Stopped-flow spectrophotometric study of the kinetics and mechanism of CO₂ uptake by cis-[Cr(C₂O₄)(BaraNH₂)(OH₂)₂]+ cation and the acid-catalyzed decomposition of cis-[Cr(C₂O₄)(BaraNH₂)OCO₂]- anion in aqueous solution.

The kinetics of CO(2) uptake by the cis-[Cr(C(2)O(4))(BaraNH(2))(OH(2))(2)]+ complex cation and the acid hydrolysis of the cis-[Cr(C(2)O(4))(BaraNH(2))OCO(2)]- complex anion (where BaraNH(2) denotes methyl 3-amino-2,3-dideoxy-b-D-arabino-hexopyranoside) were studied using the stopped-flow technique. The reactions under study were investigated in aqueous solution in the 288-308 K temperature range. In the case of the reaction between CO(2) and cis-[Cr(C(2)O(4))(BaraNH(2))(OH(2))(2)]+ cation variable pH values (6.82-8.91) and the constant ionic strength of solution (H+, Na+, ClO(4)- = 1.0) were used.

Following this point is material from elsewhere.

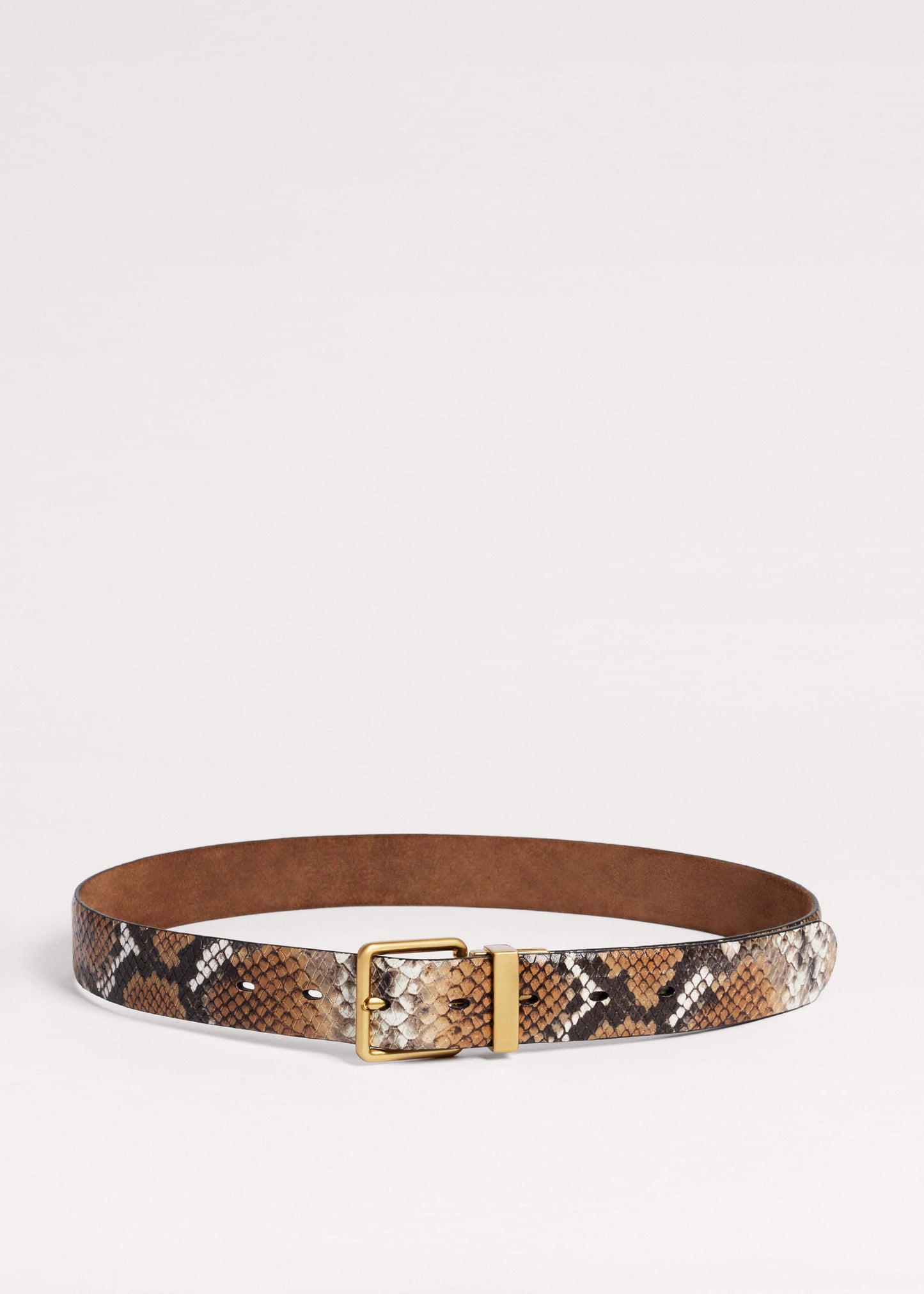 Tan Snake Print Reversible Belt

Carbon dioxide was generated by the reaction between sodium pyruvate and hydrogen peroxide. The acid hydrolysis of cis-[Cr(C(2)O(4))(BaraNH(2))OCO(2)]- was investigated for varying concentrations of H+ ions (0.01-2.7 M). The obtained results enabled the determination of the number of steps of the studied reactions. Based on the kinetic equations, rate constants were determined for each step. Finally, mechanisms for both reactions were proposed and discussed. Based on the obtained results it was concluded that the carboxylation (CO(2) uptake) reactions of cis-[Cr(C(2)O(4))(BaraNH(2))(OH(2))(2)]+ and the decarboxylation (acid hydrolysis) of the cis-[Cr(C(2)O(4))(BaraNH(2))OCO(2)]- are the opposite of each other.